I’ve said many times that Anthony Albanese and many within his government display a remarkable lack of self-awareness. Increasingly, however, I’m coming to the conclusion that many Australians suffer from the same problem.
We complain about the symptoms while refusing to acknowledge the causes. We demand outcomes while making choices that undermine them. We want someone else to solve problems that, in many cases, are partly of our own making.
Australians complain about supermarket “price gouging”, yet despite multiple inquiries and extensive public debate, no conclusive evidence of widespread unlawful price gouging has emerged. That does not mean prices have not risen sharply or that households are not under pressure, but the issue is often presented in a far more simplistic way than the evidence supports. At the same time, consumers relentlessly chase the lowest possible prices and increasingly support global retailers such as Aldi and Amazon. We complain about the consequences of competition while rewarding it with our wallets. And many Australians overlook that they also benefit from the share value growth of Australian-owned companies like Woolworths and Coles through their superannuation. The same is not true for foreign-based giants such as Amazon and Aldi.
We lament the loss of Australian manufacturing and the departure of car makers, but many of the same people opposed the subsidies required to keep them here and chose imported vehicles when it came time to buy a car. We wanted a local industry, but not at a cost we were willing to bear.
We criticise businesses for offshoring jobs while ignoring the reality that employers face substantial cost-of-operation pressures alongside household cost-of-living pressures. Rising wages, increasing regulation, higher energy costs, compliance burdens and global competition all affect business viability. Labour costs extend well beyond base wages, including superannuation, leave entitlements, parental leave, long service leave, training obligations and other workplace requirements. Many of these protections are important and justified, but they are not cost-free. When companies close or move operations offshore, we often react with outrage while refusing to acknowledge the pressures that contributed to those decisions. One suggestion that governments should publicly name and shame executives is, in my view, a deeply misguided approach that risks inflaming tensions rather than addressing underlying issues.
We complain about governments being overly socialist or interventionist while simultaneously supporting political figures whose own instincts can at times lean towards authoritarianism. The contradiction often goes unnoticed.
We complain about immigration, and there are legitimate arguments that current levels may be too high, while often overlooking Australia’s demographic reality. Birth rates have been declining for decades and are now well below replacement levels. Without either significantly higher fertility rates or sustained skilled migration, Australia faces an ageing population, labour shortages, and increasing pressure on public finances. The result is that, in the absence of adequate workforce growth, the tax burden is likely to fall more heavily on a shrinking share of working-age taxpayers.
Housing provides perhaps the clearest example of our contradictions. Australians complain that housing is unaffordable, yet many continue to expect the quarter-acre dream: a large detached home, multiple bathrooms, two cars in the garage and access to modern amenities. We want lower house prices, but we resist higher-density developments near where we live. We want governments to spend more, taxes to be lower and services to improve simultaneously.

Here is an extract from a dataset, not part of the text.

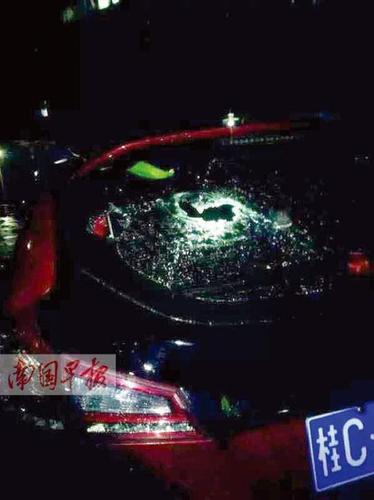 桂林市七星区三里店附近，一辆小车的后挡风玻璃被冰雹砸坏。 网友拍摄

At the same time, expectations continue to rise. Demands increase for more benefits, entitlements, protections and workplace flexibility, while resistance to any associated trade-offs remains strong. Yet every demand carries a cost.
When businesses can no longer absorb rising costs, increasing regulation, expanding obligations and competitive pressures, they reduce investment, cut staff, relocate or close. We then complain about the consequences.
We criticise governments for actions or inaction while often overlooking the fact that governments derive their authority from voters. Too often, the electorate is cavalier at the ballot box, or does not fully engage with how policy choices translate into outcomes. People vote on personality and short-term promises rather than on whether proposals are realistic, affordable or sustainable. Politics is treated as a contest of slogans rather than a serious exercise in trade-offs and consequences.
None of this is to excuse government failure. Governments frequently contribute to, worsen, or fail to address these problems. But a mature society should also be capable of self-reflection.
Perhaps it is time for Australians to stop asking only what governments and businesses are doing wrong, and start asking whether some of our own expectations are realistic, and, more importantly, what role we play in shaping the outcomes we criticise.
Because sooner or later, reality sends the bill.